[Available records — start]

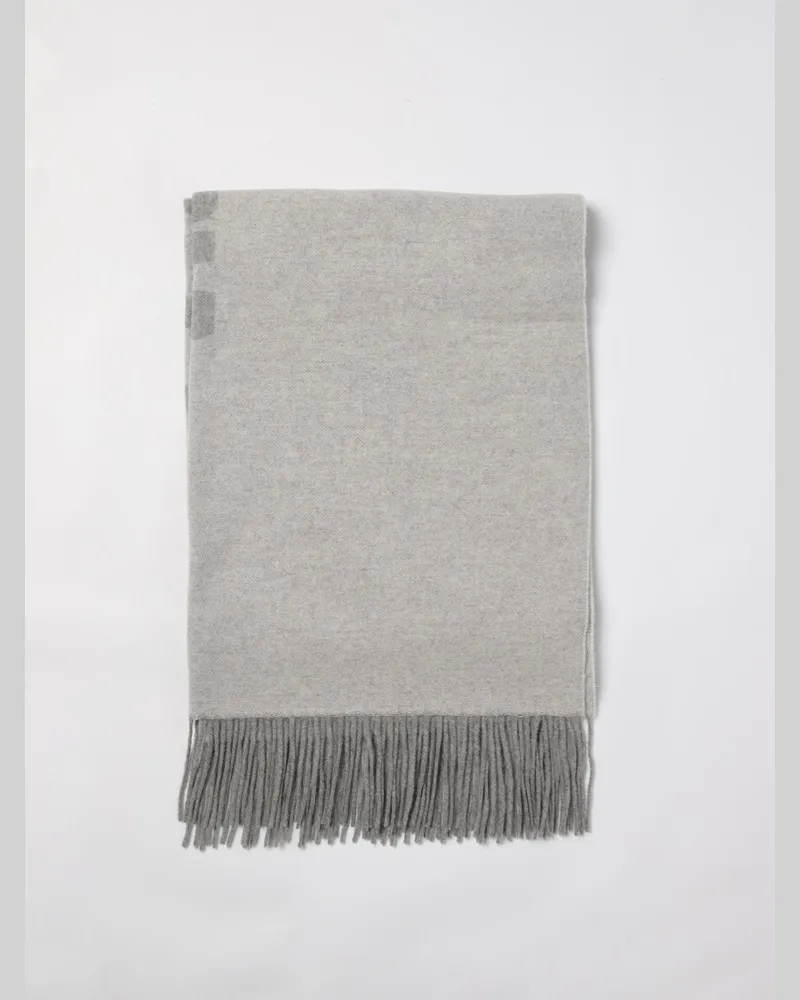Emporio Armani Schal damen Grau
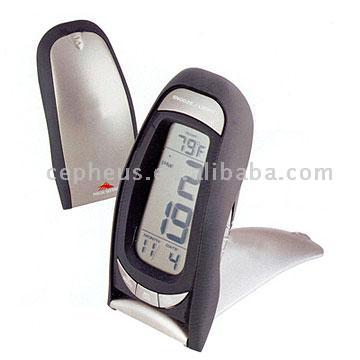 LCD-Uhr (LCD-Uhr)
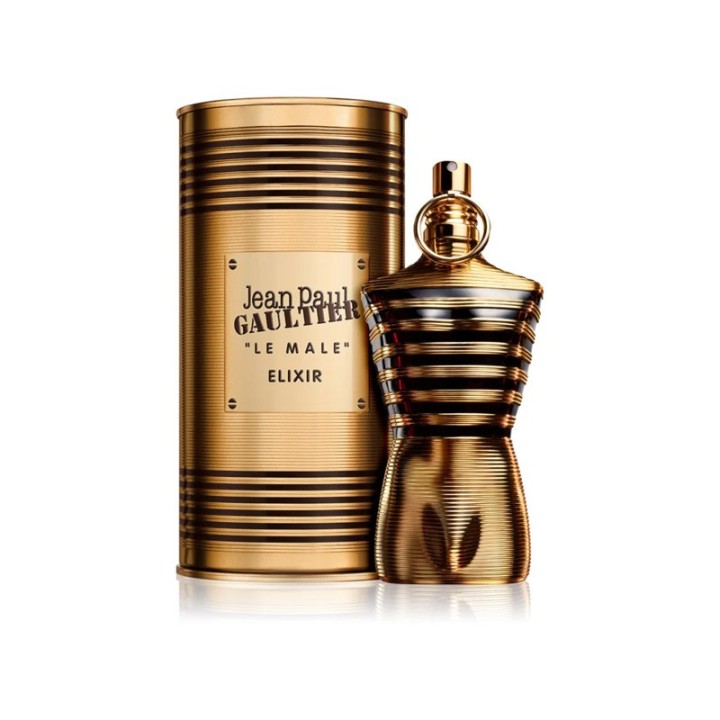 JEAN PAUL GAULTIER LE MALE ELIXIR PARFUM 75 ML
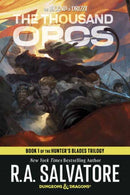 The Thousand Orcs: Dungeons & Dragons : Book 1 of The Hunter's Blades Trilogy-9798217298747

[Available records — finish]
[Available records — start]

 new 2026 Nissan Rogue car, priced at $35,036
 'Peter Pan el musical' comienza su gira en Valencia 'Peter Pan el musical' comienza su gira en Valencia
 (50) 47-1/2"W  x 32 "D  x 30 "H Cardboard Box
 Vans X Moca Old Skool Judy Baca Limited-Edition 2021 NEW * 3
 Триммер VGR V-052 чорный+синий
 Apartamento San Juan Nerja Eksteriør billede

[Available records — finish]
[Available records — start]

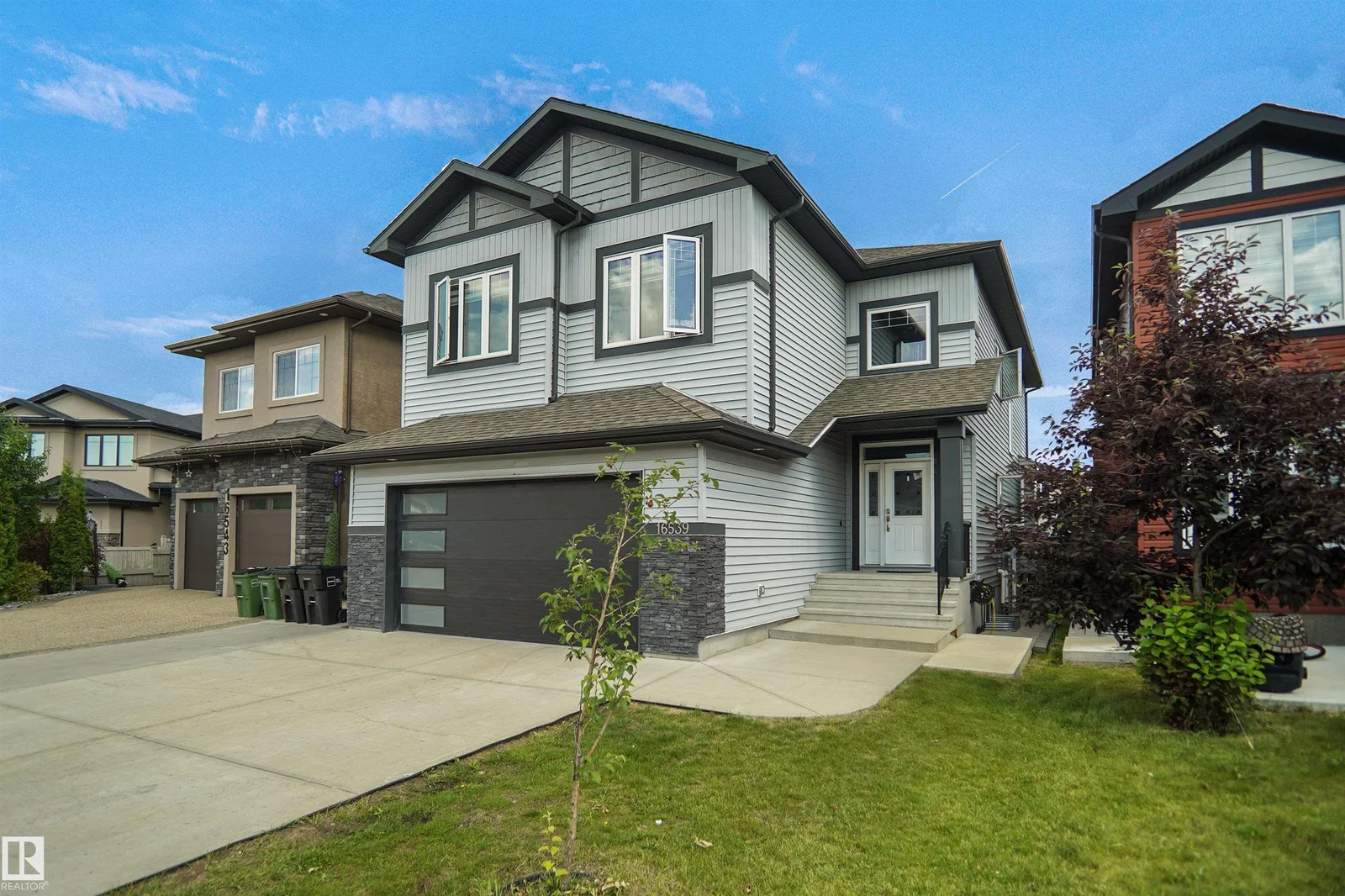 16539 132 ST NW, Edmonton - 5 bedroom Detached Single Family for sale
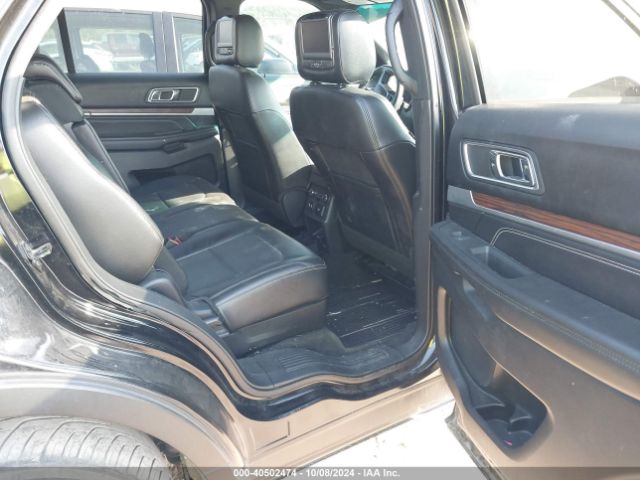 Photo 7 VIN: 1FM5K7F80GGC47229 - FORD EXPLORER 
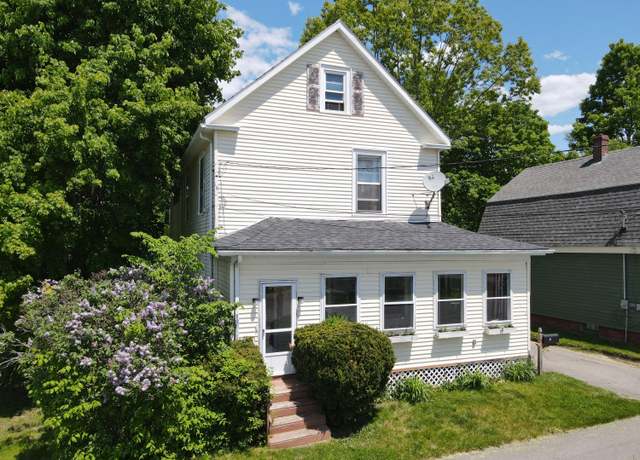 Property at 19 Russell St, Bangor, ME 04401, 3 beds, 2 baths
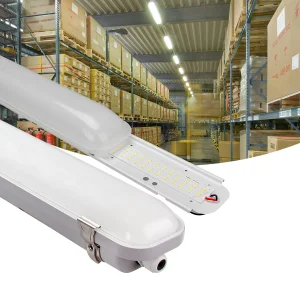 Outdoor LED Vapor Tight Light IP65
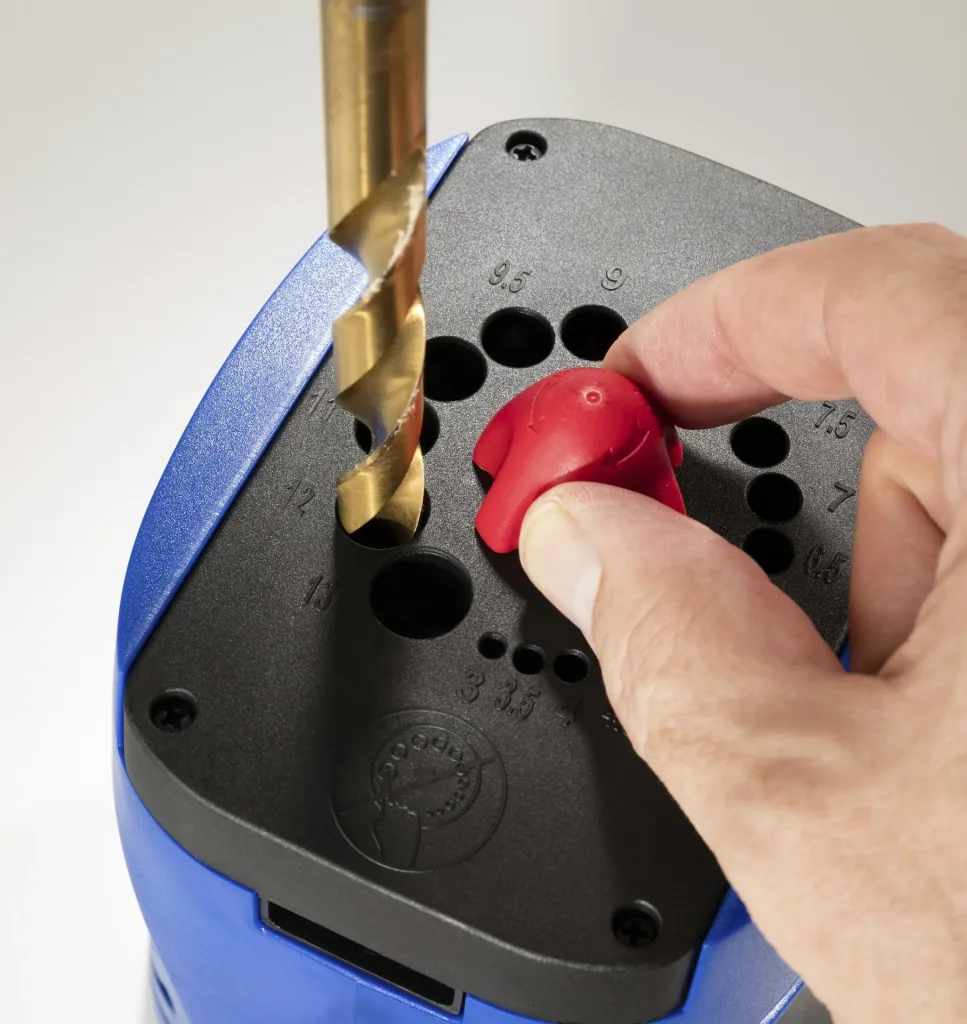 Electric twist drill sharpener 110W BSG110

[Available records — finish]

In the listing above, find the line with "en Valencia 'Peter" and the line with "Apartamento San Juan Nerja Eksteriør billede", then print exactly those two lines and every line between them, and nothing more.

■ **Task response**:
 'Peter Pan el musical' comienza su gira en Valencia 'Peter Pan el musical' comienza su gira en Valencia
 (50) 47-1/2"W  x 32 "D  x 30 "H Cardboard Box
 Vans X Moca Old Skool Judy Baca Limited-Edition 2021 NEW * 3
 Триммер VGR V-052 чорный+синий
 Apartamento San Juan Nerja Eksteriør billede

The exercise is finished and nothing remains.